The sliceable bandwidth-variable transponder (SBVT) has been recently proposed as a transmission module able to combine the scalability of superchannel-based transmission with the flexibility required for highly meshed traffic. The modular nature of the SBVT implies that a large array of transmission capacity is predeployed per module, which significantly affects the planning and dimensioning of backbone optical networks. These planning methods should also account for the switching modules that are required to support the interconnection between the SBVTs on the line-side and the client signal interfaces. In this paper we study the impact of the switch capacity on the cost and flexibility of SBVT-enabled networks. Specifically, we propose a multiperiod planning simulation based on integer linear programming models to optimize incremental traffic deployments with respect to the cost of SBVTs, switches, and client cards. The results highlight the fact that switch capacity must be carefully balanced in order to avoid overprovisioning the switch capacity beyond the traffic requirements, while at the same time providing enough flexibility in the client-to-line interconnection to do efficient lightpath grooming and therefore reduce client-card- and SBVT-related costs.

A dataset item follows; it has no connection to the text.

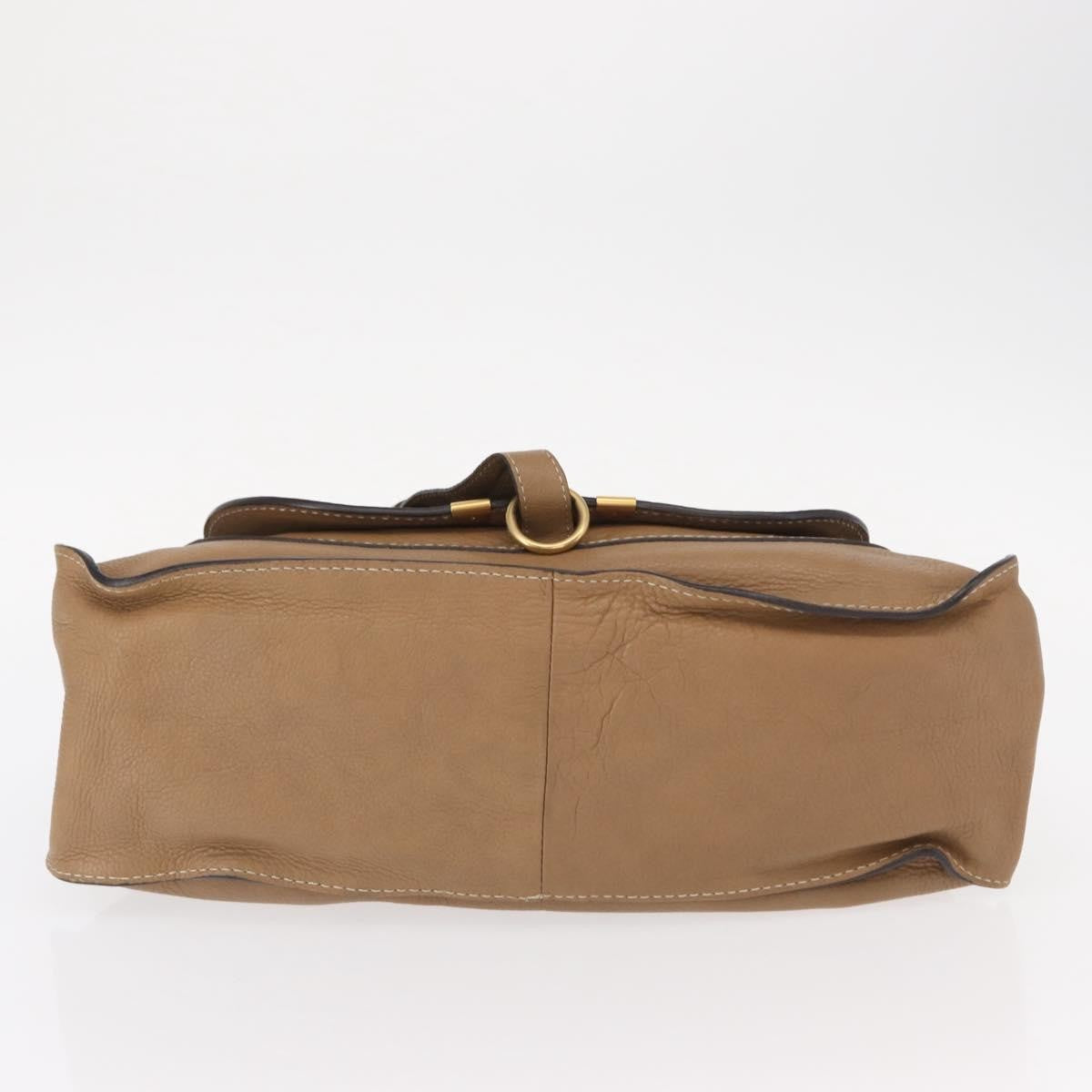 Chloe Marcie Satchel Studded Leather, BEIGE, LEATHER, Handbag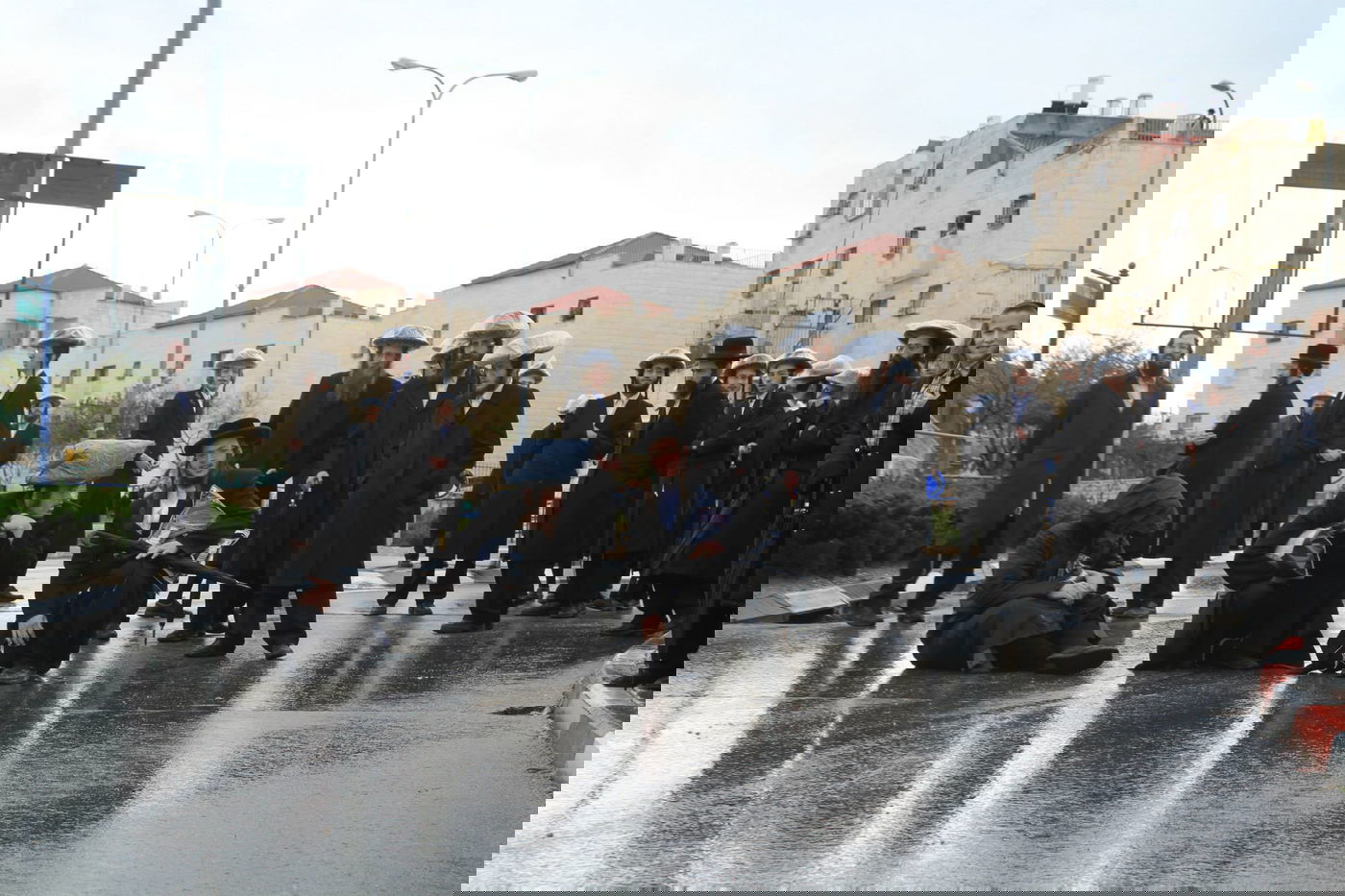 גשם ו"גיוועלד" • תיעוד מסכם מההפגנה נגד מעצר תלמידי הישיבה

Cost-optimized dimensioning of translucent WDM networks with Mixed-Line-Rate spectrum-flexible channels

In order for transport networks to cost-effectively provide higher capacity, it is expected that channel bit-rates beyond 100 Gb/s will be accomplished by resorting to a flexible WDM grid with variable channel spacing. Among the implications of this concept is the need for planning tools that fully exploit the additional degrees of freedom enabled by a flexible grid to further optimize network cost and spectral efficiency. This paper proposes an optimization framework to minimize the transponder and regenerator deployment cost in a translucent WDM network featuring channel bit-rates of 40, 100 and 400 Gb/s and multiple transmission formats per bit-rate, each characterized by its own spectral width, optical reach and cost properties. Firstly, we formulate the problem via a novel Integer Linear Programming (ILP) model, whose resolution finds the optimal (cheapest) feasible network configuration. Secondly, we propose an efficient heuristic called Narrowest First-Iterative Cost Reduction (NF-ICR) to handle network scenarios for which solving the ILP entails an unreasonable computational burden. The NF-ICR heuristic is shown to provide tight optimality bounds where the benchmark given by the ILP solution is attainable. For larger networks, we show that the use of a flexible grid and multiple format options for each bit-rate results in around 10% less cost in transponders and regenerators for metro networks, and a substantial increase in the total traffic load supported by the network. We also conclude that a distinction emerges between metro/regional scenarios and long-haul networks with long paths, wherein the shorter transparent reach of 400 Gb/s channels drives up the cost due to extra regeneration, favoring the use of parallelized solutions of lower bit-rate channels.

On the cost-effective deployment of future data services over transport networks with a flexible DWDM grid

We employ a cost-optimization procedure for the static planning of flexible-grid networks with heterogeneous interfaces spanning 40, 100 and 400 Gb/s channels. The optimization results show that the extra capacity enabled by this setup can reach 37% in a long-haul network, and more than double in a metro network. Furthermore, we evaluate different scenarios in terms of the traffic profile and the cost ratio between 100G and 400G technology. It is shown that 400G channels already have a strong case for cost-efficient deployment in the range of 2.5 to 3 times the cost of 100G, and for demands exceeding 200 Gb/s, more so in metro scenarios.